§ LISTED ENTRIES:
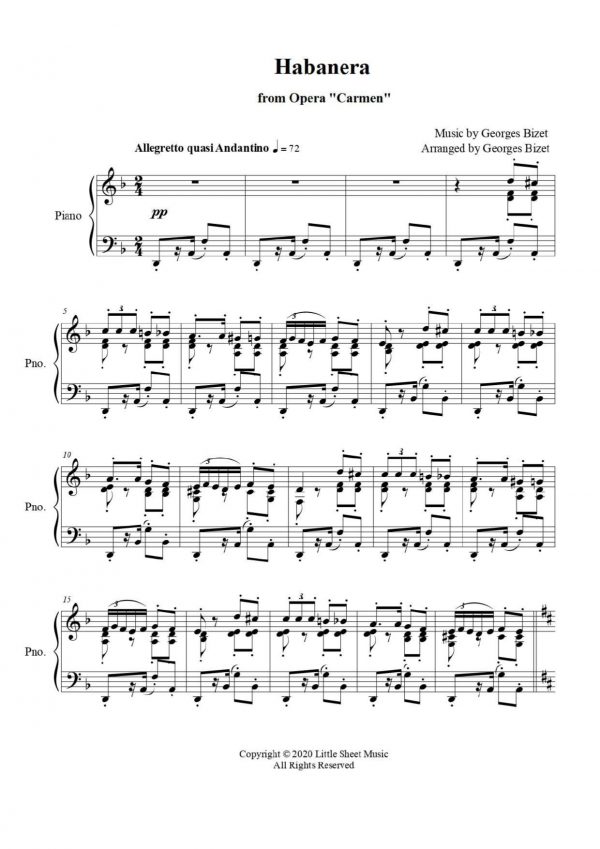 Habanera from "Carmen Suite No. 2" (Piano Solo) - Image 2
* * *
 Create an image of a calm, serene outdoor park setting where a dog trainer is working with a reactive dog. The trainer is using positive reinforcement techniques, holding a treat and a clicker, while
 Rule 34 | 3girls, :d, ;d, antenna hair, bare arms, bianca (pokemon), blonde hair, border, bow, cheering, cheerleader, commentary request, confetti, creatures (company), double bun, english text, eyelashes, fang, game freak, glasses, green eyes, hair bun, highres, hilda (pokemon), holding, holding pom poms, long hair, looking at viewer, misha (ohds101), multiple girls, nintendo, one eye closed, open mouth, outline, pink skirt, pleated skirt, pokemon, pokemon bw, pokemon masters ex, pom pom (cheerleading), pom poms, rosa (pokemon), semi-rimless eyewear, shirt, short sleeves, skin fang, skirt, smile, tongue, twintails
--
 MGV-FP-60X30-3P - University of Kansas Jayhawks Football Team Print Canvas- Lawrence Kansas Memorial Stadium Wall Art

§ ACTIVITY:
Reproduce every line of the material above that has the string "holding".

§ EXERCISE OUTPUT:
 Create an image of a calm, serene outdoor park setting where a dog trainer is working with a reactive dog. The trainer is using positive reinforcement techniques, holding a treat and a clicker, while
 Rule 34 | 3girls, :d, ;d, antenna hair, bare arms, bianca (pokemon), blonde hair, border, bow, cheering, cheerleader, commentary request, confetti, creatures (company), double bun, english text, eyelashes, fang, game freak, glasses, green eyes, hair bun, highres, hilda (pokemon), holding, holding pom poms, long hair, looking at viewer, misha (ohds101), multiple girls, nintendo, one eye closed, open mouth, outline, pink skirt, pleated skirt, pokemon, pokemon bw, pokemon masters ex, pom pom (cheerleading), pom poms, rosa (pokemon), semi-rimless eyewear, shirt, short sleeves, skin fang, skirt, smile, tongue, twintails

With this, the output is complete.